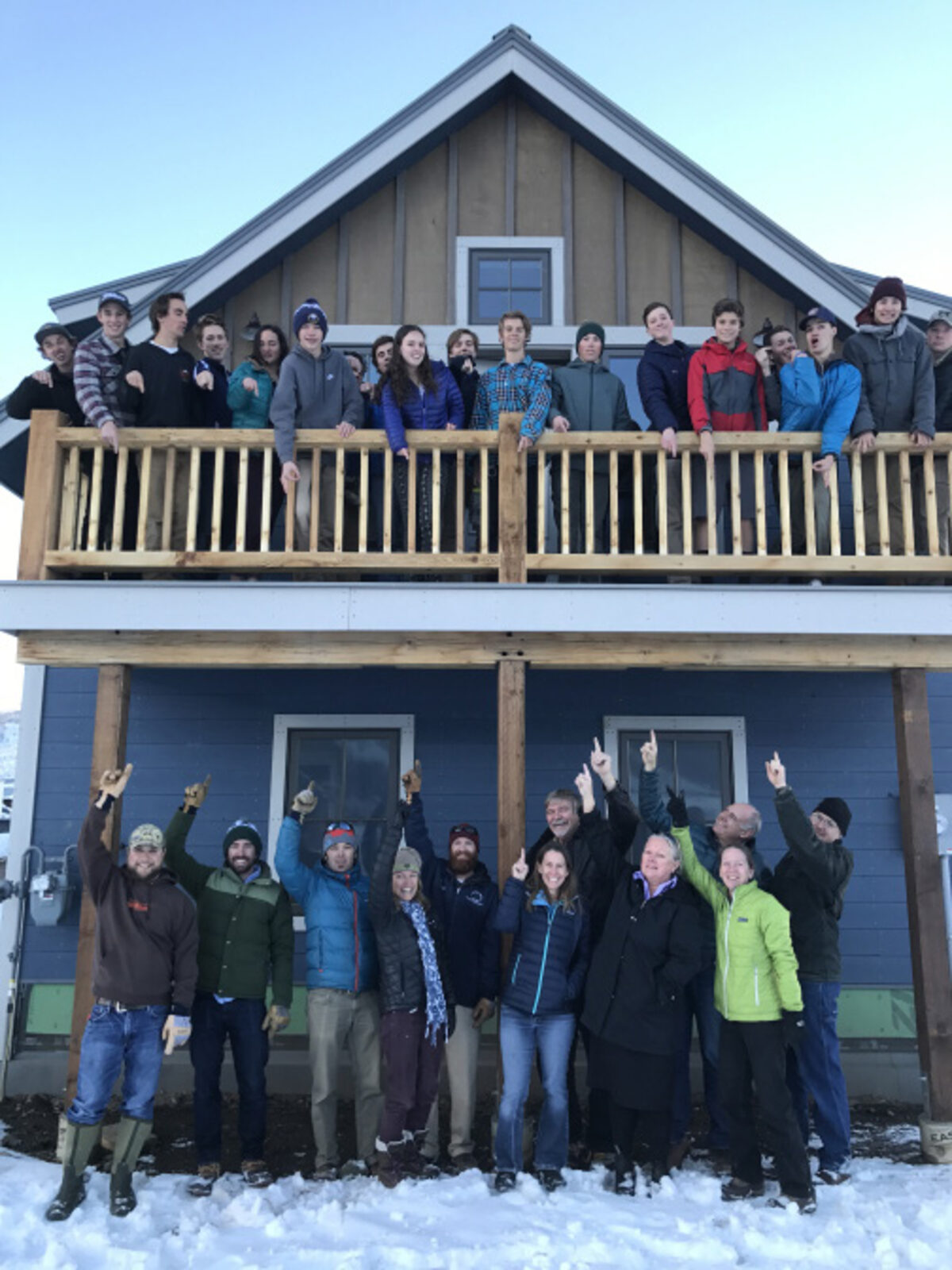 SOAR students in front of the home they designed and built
────────────────────
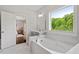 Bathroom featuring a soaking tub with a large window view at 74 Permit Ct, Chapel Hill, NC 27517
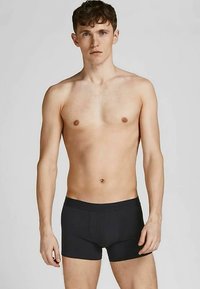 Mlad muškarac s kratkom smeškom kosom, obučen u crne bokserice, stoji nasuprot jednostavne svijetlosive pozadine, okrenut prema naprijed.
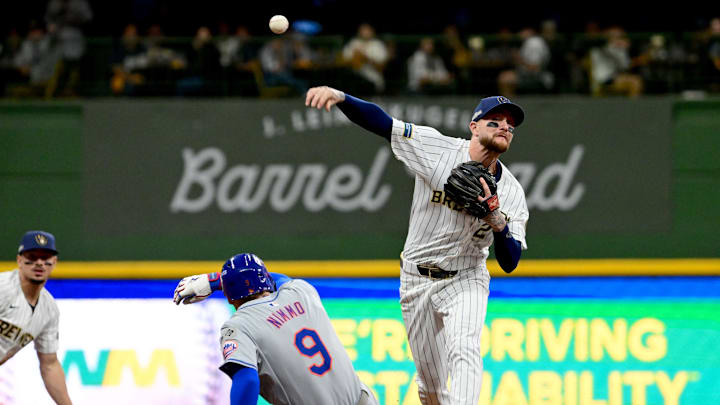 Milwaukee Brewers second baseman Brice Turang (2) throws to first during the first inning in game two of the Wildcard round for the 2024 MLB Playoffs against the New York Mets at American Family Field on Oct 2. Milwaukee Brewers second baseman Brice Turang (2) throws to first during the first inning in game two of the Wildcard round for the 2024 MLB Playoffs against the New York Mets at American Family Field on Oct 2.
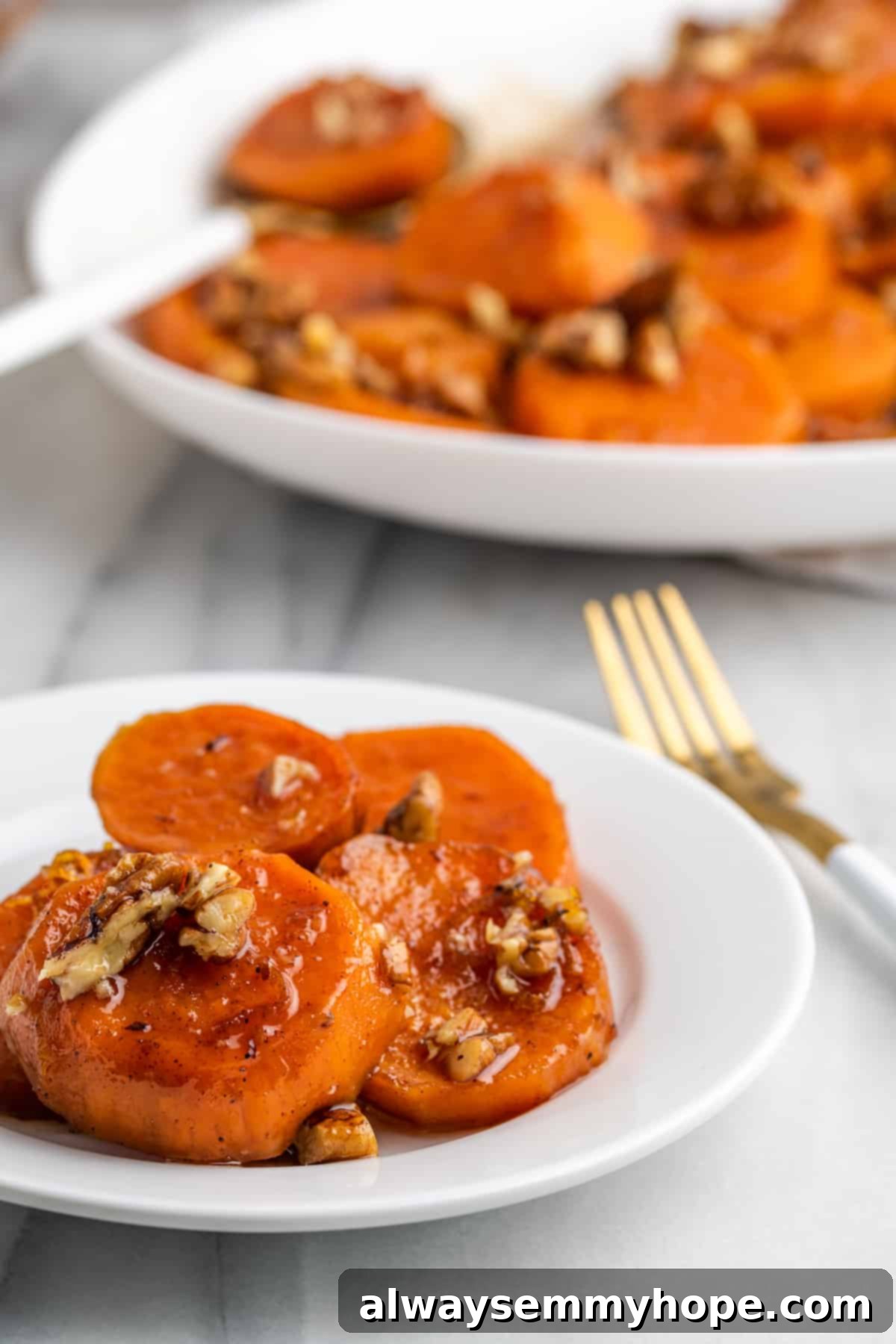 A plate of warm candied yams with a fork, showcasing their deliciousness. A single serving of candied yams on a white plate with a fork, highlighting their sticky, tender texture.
────────────────────
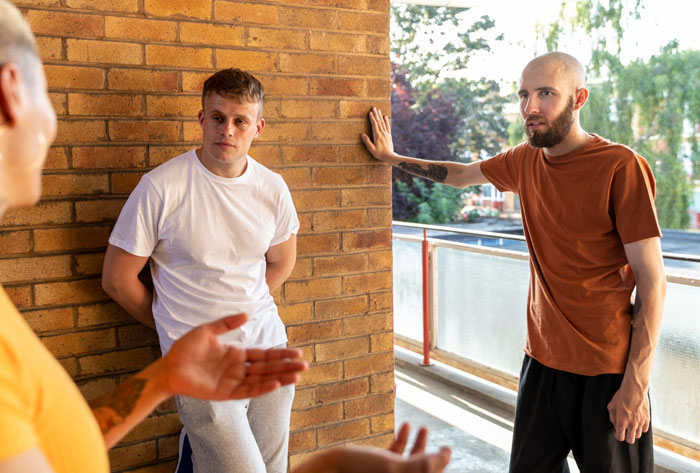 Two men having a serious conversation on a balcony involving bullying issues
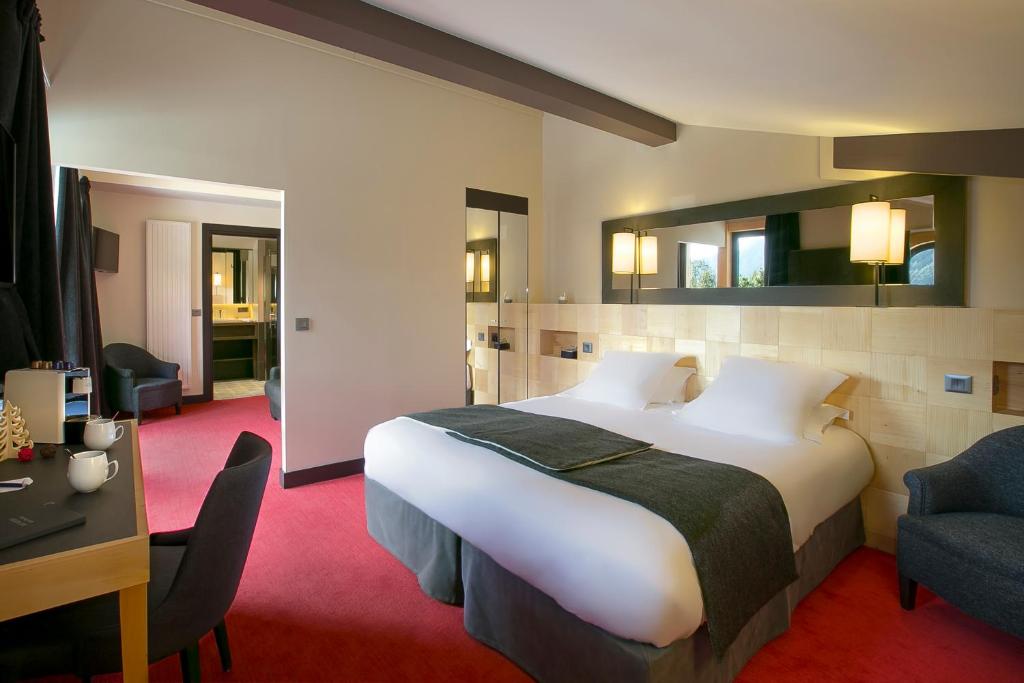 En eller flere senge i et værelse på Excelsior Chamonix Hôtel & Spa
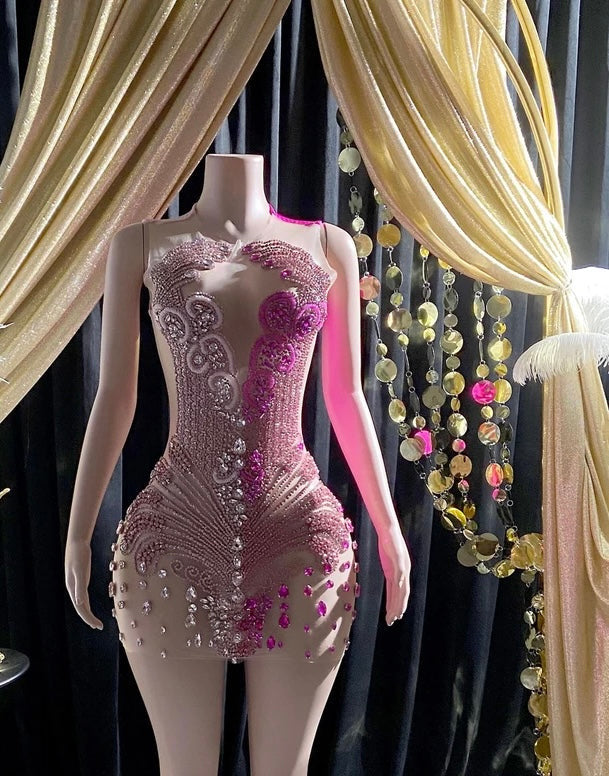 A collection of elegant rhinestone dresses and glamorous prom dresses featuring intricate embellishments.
────────────────────
**ACTION ITEM**
Print, exactly, each line above from the one with "Mlad muškarac s" to the one with "Oct 2. Milwaukee", end lines included. Leave pictures out of it.

**TASK OUTPUT**
 Mlad muškarac s kratkom smeškom kosom, obučen u crne bokserice, stoji nasuprot jednostavne svijetlosive pozadine, okrenut prema naprijed.
 Milwaukee Brewers second baseman Brice Turang (2) throws to first during the first inning in game two of the Wildcard round for the 2024 MLB Playoffs against the New York Mets at American Family Field on Oct 2. Milwaukee Brewers second baseman Brice Turang (2) throws to first during the first inning in game two of the Wildcard round for the 2024 MLB Playoffs against the New York Mets at American Family Field on Oct 2.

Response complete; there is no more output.